Poston refused to speak to the newspaper this week, and his attorney did not return messages Friday.
In an interview with police on July 17, 2001, Poston, then 25, spoke highly of Arpaio. Poston said he attended college with Arpaio and worked with him at the camp, where Poston ran the day-to-day operations.
"During my tenure at the camp, and also as a cadet, I had a strong relationship with Mike Arpaio," Poston told police. "Our friendship has lasted for seven years, and still to this day consider him a valuable friend."
Saw nothing improper
Poston told police he had never seen Arpaio do anything improper with a child. To the contrary, he said, Arpaio was so good with kids that he was considered "a cure" for homesick campers, according to police documents.
Poston told police Arpaio had taken the 10-year-old under his wing for that very reason, but the boy began to exhibit anxiety and peculiar behavior, becoming belligerent and jealous when he saw Arpaio talking to another camper.
Poston went on to say that he found Arpaio's presence at camp odd at times given his assignment with the Marines, but Poston said he didn't believe in his heart that his friend could be capable of committing lewd acts.
"It is my humble opinion, speaking from years of experience at the camp and as a school teacher, that Mike was acting with good intentions, caring for a child who from the beginning was starved for attention, something it seems to me to have been lacking," he told police. "Mike loves kids, helps them and would do anything to make people happy."
Police closed the investigation without an arrest, but the Marines later conducted their own probe and court-martialed Arpaio in 2003 for sexually abusing multiple boys who attended The Citadel camp.

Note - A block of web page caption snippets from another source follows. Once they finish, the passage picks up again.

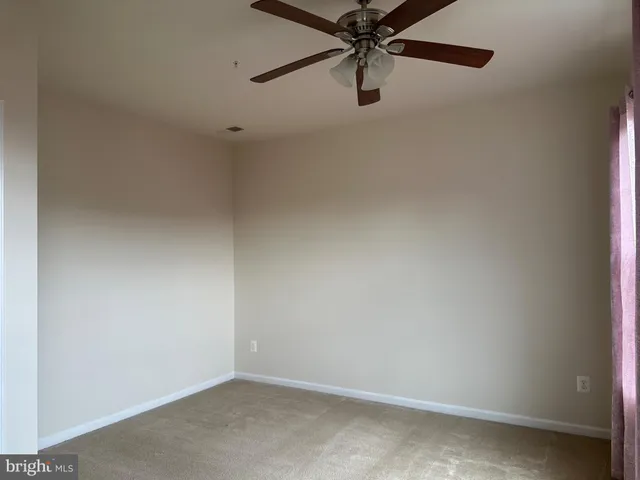 an empty room with a fan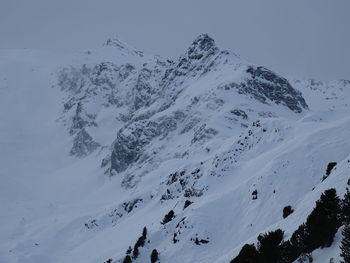 Aerial view of snow covered mountain against sky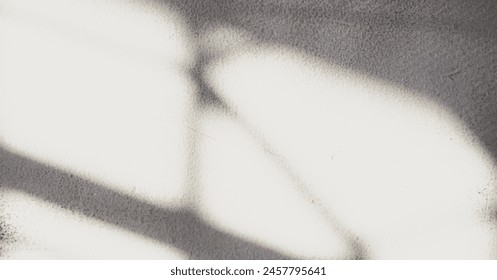 Background image of a wall with shadows from a window cast by the afternoon sunlight, creating a warm and serene ambiance.
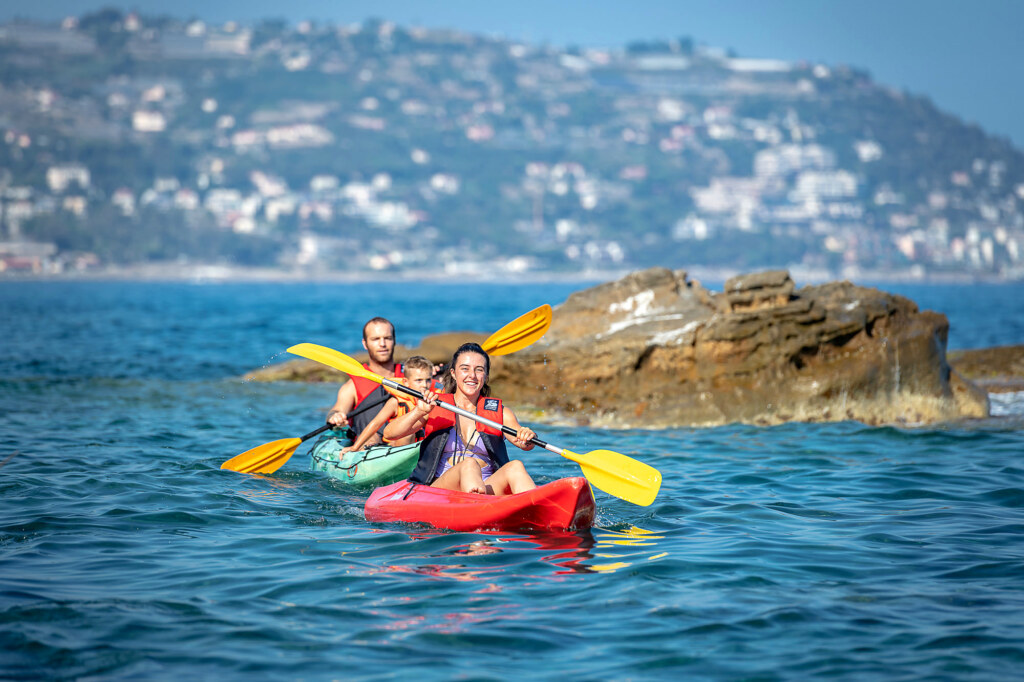 Mamma sorridente in kayak rosso e papà con bambino in kayak verde accanto a un grande scoglio di arenaria a Bordighera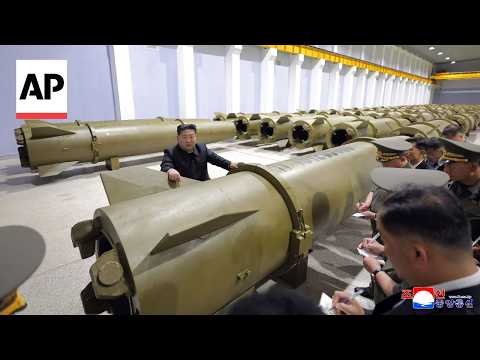 Photos: North Korea's leader Kim Jong Un tours missile factory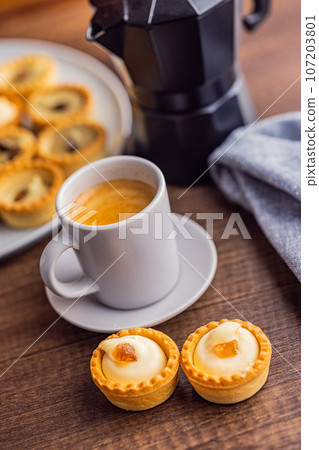 Sweet tarlets. Tasty mini tarts. Mini pie with cream and coffee cup  on kitchen table. 107203801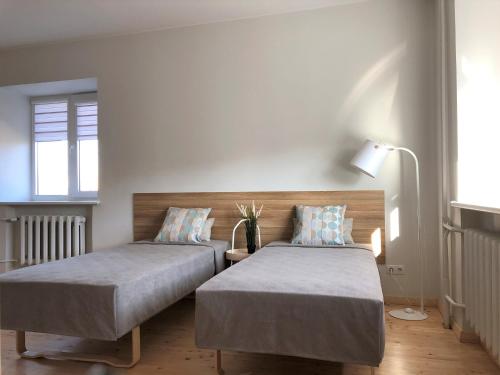 - une chambre avec deux lits et une lampe dans l'établissement COMFY Patogūs namai, à Kaunas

Arpaio was sentenced to 15 months in the Navy brig, and The Citadel later paid out $3.8 million to settle lawsuits brought by five campers who were reportedly molested by Arpaio, including the 10-year-old whose family called police in 2001.
Also at the camp that summer was counselor Louis "Skip" ReVille, who would later be implicated in an alleged masturbation session with young boys on campus. ReVille went on to become a coach and teacher, and he now stands accused of molesting 22 boys across the region over the past decade.
It is unclear how long Poston remained at the camp after the Arpaio episode, but Cooke said Friday that the college never received any complaints about Poston's conduct or performance at the summer program.
Showing R-rated clip
Poston drew attention more recently for the controversy he sparked Feb. 14 by showing Wando students a snippet of the R-rated "Jackass Number Two," which featured a character with a puppet on his penis provoking a snake. The sociology teacher was substitute teaching in a Latin class at the time.
He also admitted showing a class a PowerPoint presentation that included "People of Walmart," an online collection of photos poking fun at shoppers in the discount store. Charleston County School District officials placed Poston on administrative leave the day after he showed the clips, when a parent complained, and they fired him Feb. 29.
Poston, a married father of four girls, appealed the decision and continued to receive his full pay and benefits. On Thursday he submitted a letter of resignation, and his lawyer said Poston hopes to find work as a teacher in Berkeley County.
A Berkeley County school spokeswoman could not be reached for comment Friday to determine if Poston had applied for or been offered a job with the school district.
Late Thursday or early Friday, Poston left a message with The Post and Courier stating he had nothing more to say about the episode. "I told my lawyer I do not want to comment any further on this," he said. "My family has been hounded by the press, and I just want it to be done."
A woman who answered the door at his Mount Pleasant apartment Friday said Poston was not home and was not willing to speak to reporters.
She referred all questions to his attorney, Jay Masty, who did not return a phone call or an email Friday seeking additional information on Poston, his work at the summer camp and his dealings with police on the Arpaio case.